Pinjam Meminjam
A. Pengertian Pinjam
Meminjam
Pinjam meminjam dalam istilah fikih disebut ‘ariyah. ‘Ariyah berasal dari
bahasa Arab yang artinya pinjaman. Pinjam-meminjam menurut istilah ‘Syara”
ialah Aqad berupa pemberian manfaat suatu benda halal dari seseorang kepada
orang lain tanpa ada imbalan dengan tidak mengurangi atau merusak benda itu dan
dikembalikan setelah diambil manfaatnya secara utuh, tepat pada waktunya.
Semua
benda yang bisa diambil manfaatnya dapat dipinjam atau dipinjamkan. Peminjam
harus menjaga barang tersebut agar tidak rusak, atau hilang. Peminjam hanya
boleh mengambil manfaat dari barang yang dipinjam. Sebagai bentuk tolong
menolong, pinjam meminjam merupakan bentuk pertolongan kepada orang yang sangat
membutuhkan suatu barang
Pinjam
meminjam dalam kehidupan sehari-hari dapat menjalin tali silaturrahim,
menumbuhkan rasa saling membutuhkan, saling menghormati, dan saling mengasihi. Oleh
karena itu, pinjam meminjam harus dilandasi dengan semangat dan nilai-nilai
ajaran Islam.
Allah
Swt. memberikan tuntunan, agar pinjam meminjam dicatat dengan teliti mengenai
syaratnya, waktu pengembaliannya, cicilannya, jaminannya, dan bagaimana penyelesaiannya
jika terjadi permasalahan. Hal ini semata-mata untuk memberikan kenyamanan dan
keamanan kepada pemilik barang dan peminjam. Namun kenyataannya kita terkadang
mengabaikan hal tersebut karena alasan sudah saling kenal dengan peminjam,
masih saudara, tetangga dekat, atau nilai barang tidak seberapa.

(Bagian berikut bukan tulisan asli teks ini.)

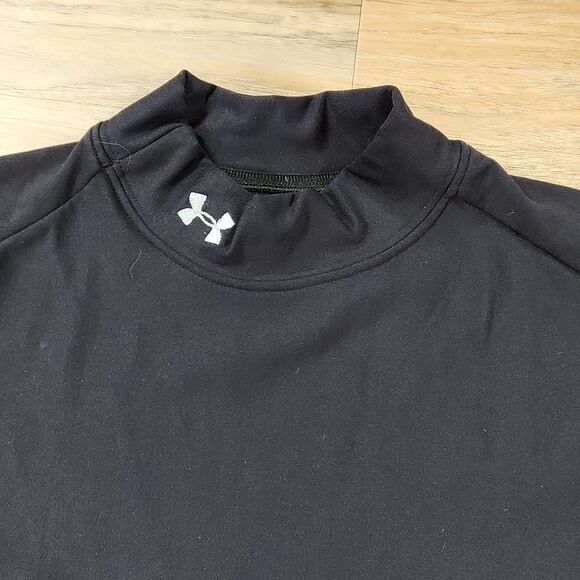 🔺️Under Armour Black Cold Gear High Neck Long Sleeve Top Large - Picture 3 of 8
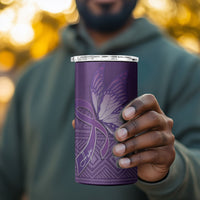 Lupus Awareness Purple Ribbon Butterfly 4 in 1 Can Cooler Tumbler Hope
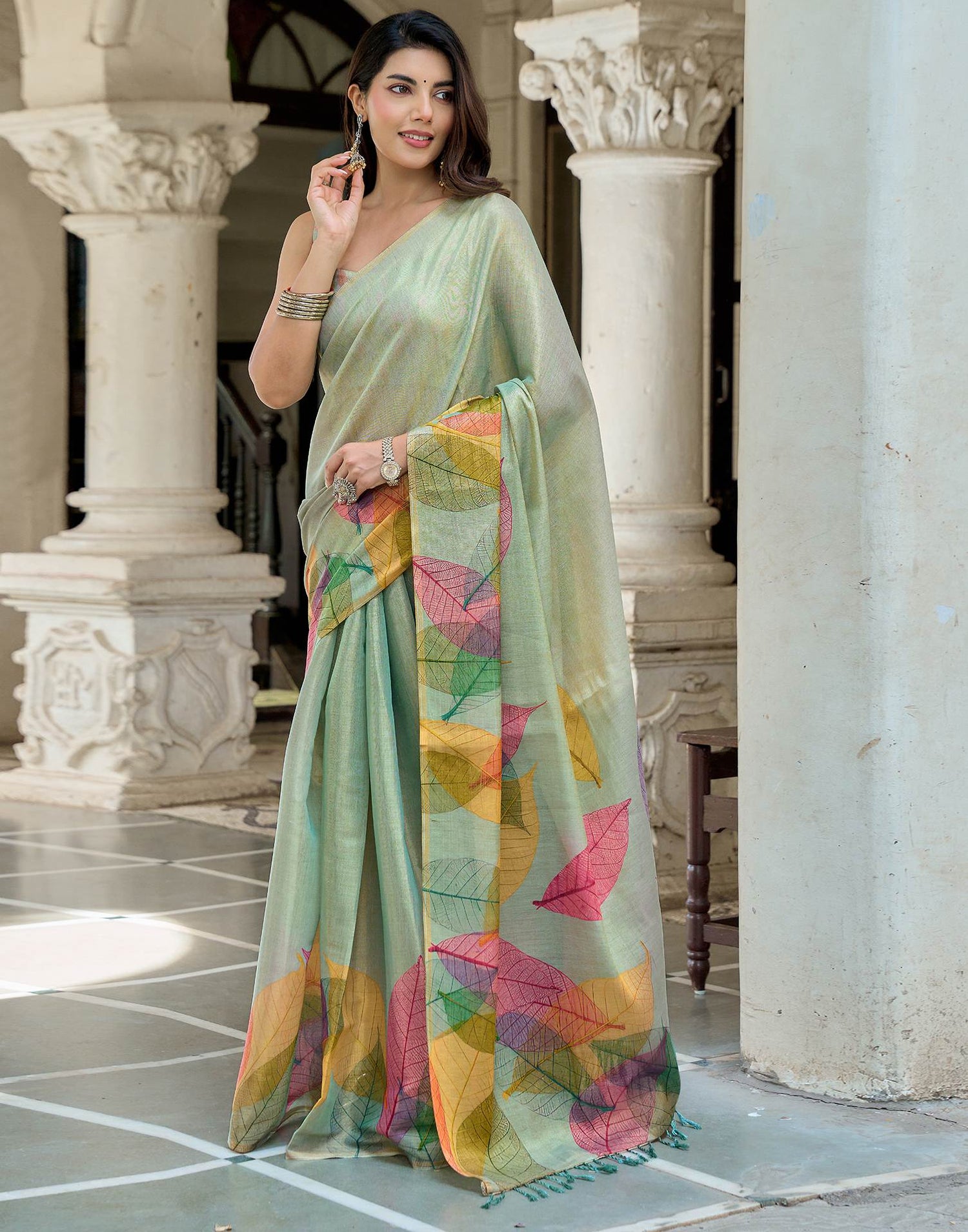 Mint Blue Shimmer Silk Printed Saree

Padahal
pencatatan itu sebenarnya untuk menghindari terjadinya masalah di kemudian hari
B. Hukum Pinjam
Meminjam
Pinjam-meminjam hukumnya bisa berubah tergantung pada kondisi yang
menyertainya. Hukum pinjam meminjam dalam syariat Islam dibagi menjadi 5 (lima)
bagian, yaitu:
a.
Mubah, artinya boleh, ini
merupakan hukum asal dari pinjam meminjam.
b.
Sunnah, artinya pinjam meminjam yang dilakukan
merupakan suatu kebutuhan akan hajatnya, lantaran dirinya tidak punya, misalnya
meminjam sepeda untuk mengantarkan tamu, meminjam untuk keperluan sekolah
anaknya dan sebagainya.
c.
Wajib, artinya pinjam
meminjam yang merupakan kebutuhan yang sangat mendesak dan kalau tidak meminjam
akan menemukan suatu kerugian misalnya: ada seseorang yang tidak punya kain
lantaran hilang atau kecurian semuanya, maka apabila tidak pinjam kain pada
orang lain akan telanjang, hal ini wajib pinjam dan yang punya kain juga wajib
meminjami.
d.
Makruh, artinya jika pinjam
meminjam berdampak pada hal yang makruh. Seperti meminjamkan hamba sahaya untuk
bekerja kepada seorang kafir
e.
Haram, artinya pinjam
meminjam yang dipergunakan untuk kemaksiatan atau untuk berbuat jahat, misalnya
seseorang meminjam pisau untuk membunuh, hal ini dilarang oleh agama. Contoh
lain, pinjam tempat (rumah) untuk berbuat maksiat.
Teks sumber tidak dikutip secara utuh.